Israel on Sunday allowed the exports of flowers and strawberries, letting two trucks loaded with 20,000 roses and 5 tons of strawberries to leave Gaza through Kerem Shalom crossing in southeast the strip to be sold in the European markets.

The decision came after numerous discussions between Palestinian organizations representing the farmers as well as pressures on Israel from the Dutch government, which buys most of the products.

"This is the second time we can send our flowers to Europe since the siege started," said Hejazi, who owns the largest greenhouse in Rafah town in southern Gaza Strip.

Israel imposed a blockade on Gaza after Islamic Hamas movement won legislative elections in 2006. Israel further tightened the blockade following Hamas takeover of the seaside territory by force in 2007.

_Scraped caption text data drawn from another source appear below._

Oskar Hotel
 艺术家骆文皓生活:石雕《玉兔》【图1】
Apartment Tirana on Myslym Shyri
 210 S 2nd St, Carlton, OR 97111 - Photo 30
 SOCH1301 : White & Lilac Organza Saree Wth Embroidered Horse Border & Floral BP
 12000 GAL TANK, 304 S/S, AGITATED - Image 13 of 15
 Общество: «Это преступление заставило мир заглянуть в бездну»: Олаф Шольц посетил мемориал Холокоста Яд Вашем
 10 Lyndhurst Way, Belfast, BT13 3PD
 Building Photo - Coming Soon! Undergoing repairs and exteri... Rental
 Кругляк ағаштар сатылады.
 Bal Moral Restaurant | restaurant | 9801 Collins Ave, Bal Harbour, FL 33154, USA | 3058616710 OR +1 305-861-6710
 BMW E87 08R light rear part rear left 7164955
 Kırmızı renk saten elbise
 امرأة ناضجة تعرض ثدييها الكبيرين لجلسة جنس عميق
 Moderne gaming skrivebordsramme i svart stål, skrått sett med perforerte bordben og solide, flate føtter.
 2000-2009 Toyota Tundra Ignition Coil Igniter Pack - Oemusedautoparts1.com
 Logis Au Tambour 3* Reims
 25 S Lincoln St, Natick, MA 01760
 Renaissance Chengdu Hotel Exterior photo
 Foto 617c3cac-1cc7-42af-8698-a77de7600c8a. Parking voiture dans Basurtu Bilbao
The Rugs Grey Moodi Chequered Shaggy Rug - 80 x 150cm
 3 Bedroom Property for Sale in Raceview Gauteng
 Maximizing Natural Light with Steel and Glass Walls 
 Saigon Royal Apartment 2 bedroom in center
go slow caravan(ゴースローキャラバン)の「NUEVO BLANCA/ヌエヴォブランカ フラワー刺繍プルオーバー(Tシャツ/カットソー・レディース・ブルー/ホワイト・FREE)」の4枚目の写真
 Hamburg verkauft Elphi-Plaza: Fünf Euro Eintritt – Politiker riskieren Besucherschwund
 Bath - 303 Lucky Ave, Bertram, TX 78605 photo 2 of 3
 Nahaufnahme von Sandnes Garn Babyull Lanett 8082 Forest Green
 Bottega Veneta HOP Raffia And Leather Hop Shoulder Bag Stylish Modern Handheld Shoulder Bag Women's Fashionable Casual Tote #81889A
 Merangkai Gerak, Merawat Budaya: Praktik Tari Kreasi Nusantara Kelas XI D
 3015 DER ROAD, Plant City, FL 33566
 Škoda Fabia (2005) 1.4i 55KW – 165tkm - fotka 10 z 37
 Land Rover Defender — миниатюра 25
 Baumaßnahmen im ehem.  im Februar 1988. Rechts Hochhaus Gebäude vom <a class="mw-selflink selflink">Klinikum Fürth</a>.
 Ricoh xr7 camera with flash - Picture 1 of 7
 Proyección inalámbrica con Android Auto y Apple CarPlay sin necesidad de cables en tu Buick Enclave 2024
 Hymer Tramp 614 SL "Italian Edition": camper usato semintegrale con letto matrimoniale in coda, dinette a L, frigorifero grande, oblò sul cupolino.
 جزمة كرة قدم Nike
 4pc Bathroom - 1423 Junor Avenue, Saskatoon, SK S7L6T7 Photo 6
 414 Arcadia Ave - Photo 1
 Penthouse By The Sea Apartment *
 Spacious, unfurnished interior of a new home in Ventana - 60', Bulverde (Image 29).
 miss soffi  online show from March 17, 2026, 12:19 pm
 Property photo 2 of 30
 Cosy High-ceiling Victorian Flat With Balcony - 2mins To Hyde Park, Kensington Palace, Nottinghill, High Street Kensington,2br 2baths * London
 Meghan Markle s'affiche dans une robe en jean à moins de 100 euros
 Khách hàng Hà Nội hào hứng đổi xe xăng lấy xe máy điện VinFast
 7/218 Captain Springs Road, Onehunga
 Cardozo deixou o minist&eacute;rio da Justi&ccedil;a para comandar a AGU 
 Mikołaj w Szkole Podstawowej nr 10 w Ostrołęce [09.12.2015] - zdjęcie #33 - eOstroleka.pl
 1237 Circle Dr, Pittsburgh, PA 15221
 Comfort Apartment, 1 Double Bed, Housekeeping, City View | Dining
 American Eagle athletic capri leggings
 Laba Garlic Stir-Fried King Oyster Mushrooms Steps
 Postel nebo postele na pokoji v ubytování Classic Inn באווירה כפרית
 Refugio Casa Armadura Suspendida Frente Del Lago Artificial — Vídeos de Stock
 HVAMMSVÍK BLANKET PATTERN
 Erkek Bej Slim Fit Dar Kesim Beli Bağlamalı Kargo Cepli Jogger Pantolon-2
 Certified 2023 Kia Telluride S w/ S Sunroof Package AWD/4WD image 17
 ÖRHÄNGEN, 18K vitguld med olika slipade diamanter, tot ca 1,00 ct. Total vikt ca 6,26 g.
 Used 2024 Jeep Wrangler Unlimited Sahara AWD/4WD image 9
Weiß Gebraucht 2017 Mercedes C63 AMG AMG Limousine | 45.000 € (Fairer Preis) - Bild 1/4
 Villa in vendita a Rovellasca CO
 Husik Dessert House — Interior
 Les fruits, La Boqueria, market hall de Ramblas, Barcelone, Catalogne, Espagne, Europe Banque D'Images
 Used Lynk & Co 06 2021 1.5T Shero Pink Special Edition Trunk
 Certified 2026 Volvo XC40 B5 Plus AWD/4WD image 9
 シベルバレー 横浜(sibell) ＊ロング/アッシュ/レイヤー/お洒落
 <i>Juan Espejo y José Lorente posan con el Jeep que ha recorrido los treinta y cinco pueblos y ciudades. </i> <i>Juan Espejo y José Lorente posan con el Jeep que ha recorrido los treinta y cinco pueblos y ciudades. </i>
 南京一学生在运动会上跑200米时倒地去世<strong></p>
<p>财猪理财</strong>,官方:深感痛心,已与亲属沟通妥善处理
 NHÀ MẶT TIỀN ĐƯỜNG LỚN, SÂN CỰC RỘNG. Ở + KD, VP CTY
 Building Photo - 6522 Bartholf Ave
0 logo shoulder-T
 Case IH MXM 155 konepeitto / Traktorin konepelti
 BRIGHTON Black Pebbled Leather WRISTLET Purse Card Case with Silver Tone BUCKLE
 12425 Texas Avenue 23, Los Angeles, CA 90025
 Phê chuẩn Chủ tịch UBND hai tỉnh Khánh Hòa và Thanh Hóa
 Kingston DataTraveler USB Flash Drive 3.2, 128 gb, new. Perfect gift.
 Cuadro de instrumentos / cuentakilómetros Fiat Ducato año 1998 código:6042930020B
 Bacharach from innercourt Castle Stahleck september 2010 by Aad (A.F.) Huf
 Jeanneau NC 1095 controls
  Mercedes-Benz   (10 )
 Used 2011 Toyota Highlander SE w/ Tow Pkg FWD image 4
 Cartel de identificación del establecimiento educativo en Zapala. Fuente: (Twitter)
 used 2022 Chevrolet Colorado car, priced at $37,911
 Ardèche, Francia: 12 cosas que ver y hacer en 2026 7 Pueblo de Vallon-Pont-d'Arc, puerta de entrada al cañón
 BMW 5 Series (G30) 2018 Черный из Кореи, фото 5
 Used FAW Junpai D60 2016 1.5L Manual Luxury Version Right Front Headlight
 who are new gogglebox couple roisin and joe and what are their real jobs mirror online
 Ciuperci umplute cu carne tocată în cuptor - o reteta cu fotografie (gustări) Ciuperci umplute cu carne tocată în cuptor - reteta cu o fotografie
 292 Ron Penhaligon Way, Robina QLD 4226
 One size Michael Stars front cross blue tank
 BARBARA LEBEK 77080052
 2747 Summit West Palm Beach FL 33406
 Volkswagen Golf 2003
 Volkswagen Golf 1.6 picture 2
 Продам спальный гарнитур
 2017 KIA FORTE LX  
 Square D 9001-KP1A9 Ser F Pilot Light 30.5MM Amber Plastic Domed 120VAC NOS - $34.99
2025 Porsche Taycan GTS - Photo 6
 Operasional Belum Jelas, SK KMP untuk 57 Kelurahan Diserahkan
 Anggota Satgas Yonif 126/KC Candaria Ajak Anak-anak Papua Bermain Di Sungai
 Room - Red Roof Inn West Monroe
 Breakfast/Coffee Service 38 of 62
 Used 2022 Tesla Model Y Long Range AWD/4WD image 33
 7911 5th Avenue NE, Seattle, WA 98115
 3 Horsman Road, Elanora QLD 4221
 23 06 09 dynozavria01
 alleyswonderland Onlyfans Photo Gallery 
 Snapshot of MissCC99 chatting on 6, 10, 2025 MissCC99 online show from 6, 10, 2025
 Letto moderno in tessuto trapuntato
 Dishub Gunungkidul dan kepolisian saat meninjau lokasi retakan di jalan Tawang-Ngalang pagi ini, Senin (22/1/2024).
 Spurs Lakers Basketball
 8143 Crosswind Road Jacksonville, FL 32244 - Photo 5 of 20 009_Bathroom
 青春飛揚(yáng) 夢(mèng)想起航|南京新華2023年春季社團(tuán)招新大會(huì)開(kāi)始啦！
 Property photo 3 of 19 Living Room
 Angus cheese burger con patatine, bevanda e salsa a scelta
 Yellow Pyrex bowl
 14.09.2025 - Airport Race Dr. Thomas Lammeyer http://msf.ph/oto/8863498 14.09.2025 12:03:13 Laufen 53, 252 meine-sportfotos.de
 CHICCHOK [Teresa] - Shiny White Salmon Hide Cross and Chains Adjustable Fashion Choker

Ahmed Shafey, head of the Cooperative Agricultural Organization, an umbrella group representing flower and strawberry growers in Gaza, said flower growers grow around 550,000 square meters of different kinds of roses every season.

The Dutch government funds most of the flower and strawberry farms and greenhouses with seeds, fertilizers and pays for the workers.

"But they had to trim it down to 300,000 square meters for fear that Israel may not open the borders for exports," said Shafey, adding that flower growing provides at least 3,000 Palestinians with jobs during the season, which starts in November and ends in May.

As for the flowers, the revenue is expected to be around 6 million U.S. dollars, as at least 30 million roses and 700 tons of strawberry would be shipped, said Shafey.

"I hope the crossings will remain open to export our roses, otherwise they will be animals' food like the past years," says Hejazi.

Hejazi is very happy because his roses will decorate the Christmas tree and be given as gifts on Valentine's Day in Europe.

"My flowers will be means to spread peace in the world, this is a message to the whole world that peace and love start from Gaza," said Hejazi as he watched female workers packing flowers for exports.